On enabling Azure Site Recovery for a VM to set up DR, the OS and local data disks attached to VMs are replicated to the DR site. During replication, VM disk writes are sent to a cache storage account in the source region. Data is sent from there to the target region, and recovery points are generated from the data. When you fail over a VM during DR, a recovery point is used to restore the VM in the target region. But Azure Site Recovery doesn’t support all storages types that are available in Azure. For more information, see Azure Site Recovery support matrix for storages.
In addition to Azure managed data disks attached to VMs, different Azure native storage solutions are used to run SAP application on Azure. The DR approach for each Azure storage solution may differ, as not all storage services available in Azure are supported with Azure Site Recovery. Below are the list of storage type that is typically used for SAP workload.
Storage type DR strategy recommendation Managed disk Azure Site Recovery NFS on Azure files (LRS or ZRS) Custom script to replicate data between two sites (for example, rsync) NFS on Azure NetApp Files Use Cross-region replication of Azure NetApp Files volumes Azure shared disk (LRS or ZRS) Custom solution to replicate data between two sites SMB on Azure files (LRS or ZRS) Use RoboCopy to copy files between two sites SMB on Azure NetApp Files Use Cross-region replication of Azure NetApp Files volumes
For custom built storage solutions like NFS cluster, you need to make sure the appropriate DR strategy is in place.

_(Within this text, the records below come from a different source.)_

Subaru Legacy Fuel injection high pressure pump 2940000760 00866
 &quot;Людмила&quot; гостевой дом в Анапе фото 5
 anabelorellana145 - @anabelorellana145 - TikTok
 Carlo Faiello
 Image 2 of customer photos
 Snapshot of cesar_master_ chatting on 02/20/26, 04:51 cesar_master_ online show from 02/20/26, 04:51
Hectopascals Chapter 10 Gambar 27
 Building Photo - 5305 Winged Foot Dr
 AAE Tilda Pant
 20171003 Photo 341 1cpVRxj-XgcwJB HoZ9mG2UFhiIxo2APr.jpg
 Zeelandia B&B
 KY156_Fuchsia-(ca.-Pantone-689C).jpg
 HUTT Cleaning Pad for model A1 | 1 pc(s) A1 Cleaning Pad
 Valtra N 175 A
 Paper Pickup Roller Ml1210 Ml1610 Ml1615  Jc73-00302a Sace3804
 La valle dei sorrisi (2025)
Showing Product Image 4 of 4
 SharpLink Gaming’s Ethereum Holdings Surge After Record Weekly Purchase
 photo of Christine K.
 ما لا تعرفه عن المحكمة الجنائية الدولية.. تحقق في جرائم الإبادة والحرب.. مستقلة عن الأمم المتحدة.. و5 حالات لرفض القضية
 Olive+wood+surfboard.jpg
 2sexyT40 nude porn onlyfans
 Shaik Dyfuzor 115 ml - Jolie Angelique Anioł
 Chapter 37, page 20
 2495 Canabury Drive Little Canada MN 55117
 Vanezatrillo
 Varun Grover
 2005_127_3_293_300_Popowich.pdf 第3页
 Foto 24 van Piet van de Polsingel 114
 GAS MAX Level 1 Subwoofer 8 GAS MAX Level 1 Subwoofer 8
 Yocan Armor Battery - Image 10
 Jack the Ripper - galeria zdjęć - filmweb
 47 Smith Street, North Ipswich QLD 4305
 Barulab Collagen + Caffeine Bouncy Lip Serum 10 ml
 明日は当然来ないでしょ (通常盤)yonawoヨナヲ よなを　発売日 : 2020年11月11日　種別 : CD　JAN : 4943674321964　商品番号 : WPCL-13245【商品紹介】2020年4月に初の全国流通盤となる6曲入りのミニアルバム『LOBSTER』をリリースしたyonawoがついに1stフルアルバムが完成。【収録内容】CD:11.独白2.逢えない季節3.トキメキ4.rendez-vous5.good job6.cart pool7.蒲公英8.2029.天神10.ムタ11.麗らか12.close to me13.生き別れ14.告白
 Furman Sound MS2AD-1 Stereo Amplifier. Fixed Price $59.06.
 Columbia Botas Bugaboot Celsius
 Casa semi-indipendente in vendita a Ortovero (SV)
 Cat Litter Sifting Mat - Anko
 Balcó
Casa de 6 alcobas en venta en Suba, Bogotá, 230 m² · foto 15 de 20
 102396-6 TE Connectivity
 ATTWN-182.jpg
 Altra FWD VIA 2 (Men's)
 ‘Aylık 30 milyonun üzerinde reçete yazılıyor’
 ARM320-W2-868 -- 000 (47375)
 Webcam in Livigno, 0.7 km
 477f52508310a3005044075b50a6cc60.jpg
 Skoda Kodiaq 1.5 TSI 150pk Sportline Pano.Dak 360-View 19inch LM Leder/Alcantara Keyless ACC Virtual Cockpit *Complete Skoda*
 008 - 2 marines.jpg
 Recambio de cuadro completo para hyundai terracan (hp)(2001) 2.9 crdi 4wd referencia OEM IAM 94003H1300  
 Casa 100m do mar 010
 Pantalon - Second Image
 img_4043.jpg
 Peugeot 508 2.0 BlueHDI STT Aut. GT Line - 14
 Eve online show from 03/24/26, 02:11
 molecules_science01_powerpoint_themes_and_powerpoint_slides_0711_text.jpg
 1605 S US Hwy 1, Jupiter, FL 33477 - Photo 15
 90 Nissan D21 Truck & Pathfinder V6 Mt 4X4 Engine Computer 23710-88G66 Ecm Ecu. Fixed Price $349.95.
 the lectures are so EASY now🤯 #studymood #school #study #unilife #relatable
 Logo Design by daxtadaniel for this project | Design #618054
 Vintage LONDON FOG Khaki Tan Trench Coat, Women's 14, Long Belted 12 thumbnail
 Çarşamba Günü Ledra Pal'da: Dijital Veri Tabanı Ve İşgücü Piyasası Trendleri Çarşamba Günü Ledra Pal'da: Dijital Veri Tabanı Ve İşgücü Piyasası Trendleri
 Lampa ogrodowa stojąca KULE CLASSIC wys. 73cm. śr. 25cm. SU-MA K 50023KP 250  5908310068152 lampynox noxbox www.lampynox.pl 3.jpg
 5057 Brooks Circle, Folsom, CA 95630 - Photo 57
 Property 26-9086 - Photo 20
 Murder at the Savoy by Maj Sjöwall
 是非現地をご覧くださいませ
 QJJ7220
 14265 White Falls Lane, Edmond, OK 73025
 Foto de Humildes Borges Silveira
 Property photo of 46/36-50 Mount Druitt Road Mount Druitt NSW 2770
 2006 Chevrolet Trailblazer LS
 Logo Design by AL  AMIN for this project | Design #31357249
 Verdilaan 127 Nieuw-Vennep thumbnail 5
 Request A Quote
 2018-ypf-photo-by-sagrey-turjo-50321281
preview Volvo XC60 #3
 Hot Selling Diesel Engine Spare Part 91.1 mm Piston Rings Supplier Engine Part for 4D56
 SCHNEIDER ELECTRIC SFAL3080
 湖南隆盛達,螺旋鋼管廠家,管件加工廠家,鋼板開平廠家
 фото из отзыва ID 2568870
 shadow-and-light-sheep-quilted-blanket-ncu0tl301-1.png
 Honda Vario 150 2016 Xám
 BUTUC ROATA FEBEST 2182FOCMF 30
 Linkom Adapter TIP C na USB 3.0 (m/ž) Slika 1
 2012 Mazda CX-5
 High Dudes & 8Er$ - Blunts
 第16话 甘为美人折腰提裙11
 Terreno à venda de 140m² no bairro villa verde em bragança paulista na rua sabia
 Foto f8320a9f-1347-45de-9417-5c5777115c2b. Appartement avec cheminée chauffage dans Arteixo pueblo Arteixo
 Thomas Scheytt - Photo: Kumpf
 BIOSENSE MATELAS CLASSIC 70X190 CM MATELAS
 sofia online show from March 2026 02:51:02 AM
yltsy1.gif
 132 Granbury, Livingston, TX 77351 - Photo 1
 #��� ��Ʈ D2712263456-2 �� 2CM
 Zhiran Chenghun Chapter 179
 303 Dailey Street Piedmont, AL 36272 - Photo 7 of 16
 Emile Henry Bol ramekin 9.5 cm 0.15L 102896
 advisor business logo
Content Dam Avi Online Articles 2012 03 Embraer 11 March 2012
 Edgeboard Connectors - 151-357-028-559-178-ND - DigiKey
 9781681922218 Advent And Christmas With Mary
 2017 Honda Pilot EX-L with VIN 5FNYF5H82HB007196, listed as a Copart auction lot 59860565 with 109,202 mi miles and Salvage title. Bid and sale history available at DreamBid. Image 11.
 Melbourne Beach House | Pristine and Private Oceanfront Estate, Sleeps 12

Different native Azure storage services (like Azure Files, Azure NetApp Files, Azure Shared Disk) may not be not available in all regions. So to have similar SAP setup on the DR region after failover, ensure the respective storage service is offered in DR site. For more information, check Azure Products by Region.
If using availability zones for disaster recovery, keep in mind the following points:
- Azure NetApp Files feature isn't zone aware yet. Currently Azure NetApp Files feature isn't deployed in all Availability zones in an Azure region. So it may happen that the Azure NetApp Files service isn't available in the chosen availability zone for your DR strategy.
- Cross region replication of Azure NetApp File volumes is only available in fixed region pairs, not across zones.
If you've configured your storage with Active Directory integration, similar setup should be done on the DR site storage account as well.
Azure shared disks require cluster software like Windows Server Failover Cluster (WSFC) that handles cluster node communication and write locking. So to have DR strategy for Azure shared disk, you need to have shared disk managed by cluster software in DR site as well. You can then use script to copy data from shared disk attached to a cluster in primary region to the shared disk attached to another cluster in DR region.